James Syhabout is the chef-owner of Oakland’s Commis, which has two Michelin stars and a $225 tasting menu. Syhabout says the 26-seat Commis is dealing with similar issues but on a smaller scale. He is still paying back rent to his landlord, for instance, and making up for the low volumes caused by pandemic closures. To maintain quality with a smaller staff, he had to turn away diners. But Commis is busier than ever, he says.
“I think people are hungry to go out and celebrate life,” says Syhabout, who also owns the casual Hawker Fare and Hawking Bird, both in Oakland. “I think about restaurants the way I think about cars and fashion. Luxury cars are never going to go away. High fashion is never going to go away. We will always have fine dining.”
On a personal level, Syhabout says he is happy for Kinch. “Good for him,” he says. “It makes me think about my own exit.”
Chef Ajay Walia exited the Michelin world in May by transforming RASA, the Michelin-starred Burlingame restaurant he opened in 2014, into a second iteration of his San Carlos eatery, Saffron, which has been a neighborhood pillar for 20 years.
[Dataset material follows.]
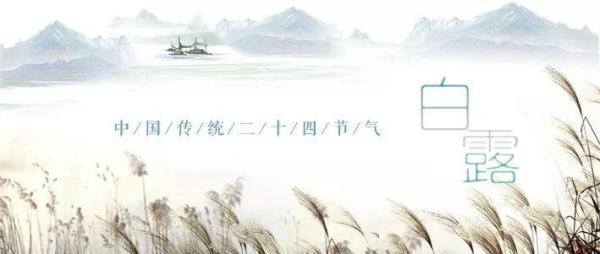 露从今夜白的下一句 路从今夜白的下一句是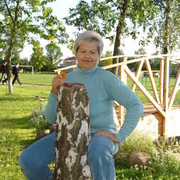  ,   , 65 ,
It’s the same staff and Southern Indian sensibilities but scaled back as “good, honest food that everyone can enjoy.”
“You simply can’t do it forever — no matter how successful you are or how many Michelin stars you’ve earned,” he says. “I wish David the very best in finding his next passion project. I hope he finds the peace that I have found in the decision to start fresh.”
For the remainder of the year, Kinch, alongside chef de cuisine Nicholas Romero and pastry chef Courtney Moisant, will create a series of seasonal menus with new dishes and classics from the past 20 years. Reservations through November are currently available on Tock, with December dates added soon.